Explanation categories

The same paper identifies different categories of explanations:

  • user benefit - showing the user why a given decision was made,
  • societal acceptance - with a goal to increase public trust and acceptance,
  • regulatory and compliance - to provide compliance with the legislature, safety standards, etc.,
  • system development - aiming to facilitate further development, debugging, improving, and maintaining the system,
  • owner benefit - bringing value to the operator, e.g., increasing revenue through a boost in customer satisfaction levels.

Looking at how explainable AI works, we can divide it into three groups:

  • Explainable data: What kind of data was used to train a model? Why was the information chosen? How was justice judged?

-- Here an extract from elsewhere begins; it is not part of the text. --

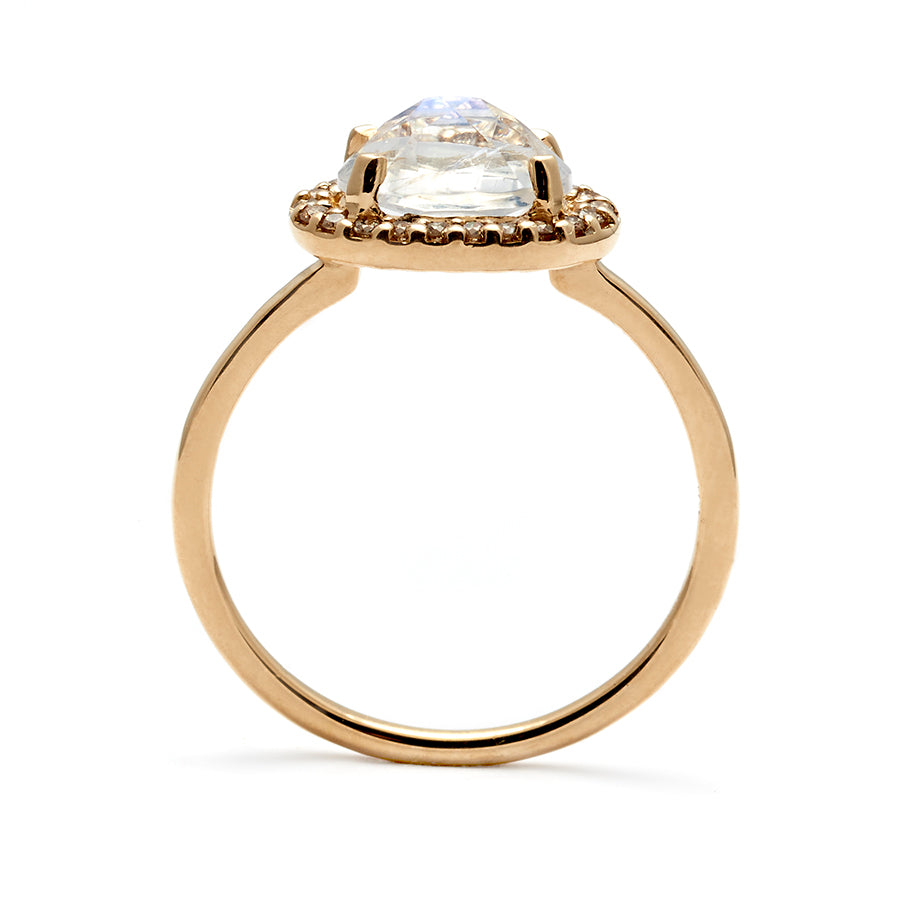 Side view of a ring with an oval shape rainbow moonstone center stone surrounded by a champagne diamond pave halo set in yellow gold., Yellow Gold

Was bias eliminated in any way?
  • Explainable predictions: What aspects of a model were turned on or utilized to produce a specific result?
  • Explainable algorithms: What are the various model layers, and how do they result in the output or prediction?

Summary

Leaders in academia, business, and government have been researching the topic of XAI, exploring various explainability techniques and creating algorithms that may solve this challenge. Explainability has been cited as a prerequisite for AI clinical decision support systems in the healthcare area, for example, because the capacity to decipher system outputs enables shared decision-making between medical professionals and patients and offers much-needed system transparency. Financial analysts are given the knowledge they need to audit high-risk judgments by providing explanations of AI systems in order to satisfy regulatory standards.